One of the best scenes occurs halfway through, when you must wait for an elevator to arrive while hordes of zombies pour in from every direction. There are numerous flares conveniently placed around the garage, and there’s an achievement in there for you if you manage to light enough zombies on fire with them. Little touches like these encourage players who are already familiar with the game to replay these scenes in new ways.
HL2: Episode 2 is the current resting point for the series, until the third chapter rounds out the episodic trilogy. In Episode 2, Gordon once again will take to vehicles and fight alongside the Vortigaunts for the first time in the series. New enemies such as an acid-chucking breed of antlion and a smaller form of stalker will test this new alliance. The gameplay is more of what we’ve come to expect from the series–namely, an extremely high level of quality.

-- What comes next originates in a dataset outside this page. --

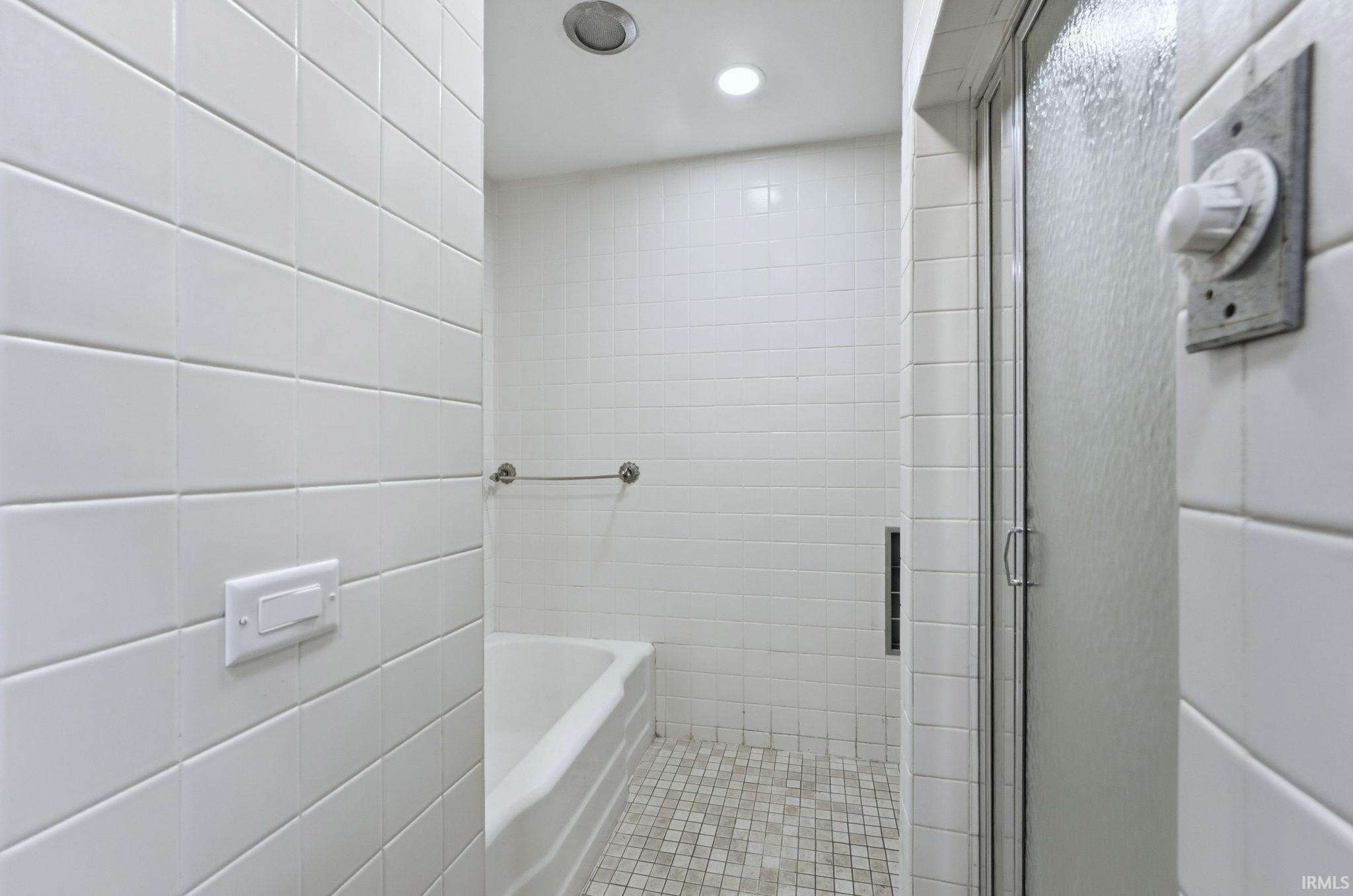 325 Meadowmere Drive Butler, IN 46721 - Photo 25 of 36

Half Life 2, and its episodic sequels, are successful at what they do because of the right blend of horror, sci-fi, and military themes. Sometimes you’re fighting zombies, or alien soldiers, or zombie alien soldiers. The Halo series has a similar blend of action genres, but Half Life 2 nails the character development over the course of the series through scripted moments that seem like mini-theater plays. Of course, the set is a giant digital world, so these digital actors and their expressions carry a bit more importance against a backdrop of a crumbling alien tower or devastated human refugee camp.
The satisfying storytelling of the Half Life series is also imbued in Portal, which is Orange Box’s happiest surprise. Throughout a series of laboratory experiments involving impossible rifts in space, you are taunted by an all-sensing artificial intelligence that mocks you and strings you along with promises of cake. Of course, it turns out the cake is a lie, and soon you’ll find yourself outside of the controlled system in a frantic escape.

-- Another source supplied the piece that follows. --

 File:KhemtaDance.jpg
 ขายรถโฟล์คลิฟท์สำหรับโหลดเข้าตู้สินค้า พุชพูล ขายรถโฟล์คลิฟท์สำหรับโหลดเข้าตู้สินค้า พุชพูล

Tune in for the next episode, “My Mother’s a Vortigaunt”
With nods to movies like 2001: A Space Odyssey and the independent sci-fi horror flick Cube, Portal is one of the funniest and most intelligent games to come out this year. Sadly, it’s over in just a few hours, but for players craving more there are numerous time trials and advanced challenges to complete. The technology, writing, and humor that are found in Portal are unmatched to date–it’s just a shame it isn’t longer. Sequel please!

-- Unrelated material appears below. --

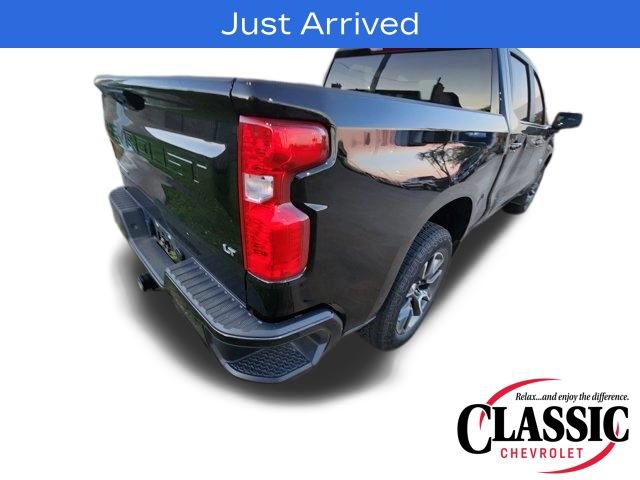 Used 2024 Chevrolet Silverado 1500 LT w/ Z71 Off-Road Package image 11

If there’s one bruised orange in the box, it’s got to be Team Fortress 2. A long-awaited sequel to the original class-based shooter, TF2 had a Pixar-like makeover recently, which does make this game look fantastic. Every class has a ton of personality, as seen in Valve’s animated character studies. However, the game itself is a bit lacking.
With only five maps that are variations on the same old capture the flag and territory holding objectives, the gameplay feels ten years old. It’s a shame that these interesting looking characters are stuck in a game with zero plot and the same old run-and-gun gameplay. While Valve gets thumbs up for the character design, the tired gameplay should probably be put out to pasture.
So the multiplayer component of the Orange Box is a bit of a dud. But the single-player games more than make up for it. Half Life 2, and Episodes 1 and 2, consist of one massive, engrossing adventure that is a must-play. Portal is definitely the most original game of the year, and the overall collection makes a great case for being the best game of the year.
There are a few minor complaints, like an awkward weapon inventory system in the Half Life games and a brief Portal experience, but Valve has proven that they can dominate the console space with superior storytelling and technology. It’s so refreshing to see these games done right on the Xbox 360, without looking like every other Unreal Engine 3-powered clone. Hopefully whenever we see a conclusion to the Half Life episodes, it’ll be packaged along with even more exciting and original content. Until then, there’s a sweet Orange Box to enjoy.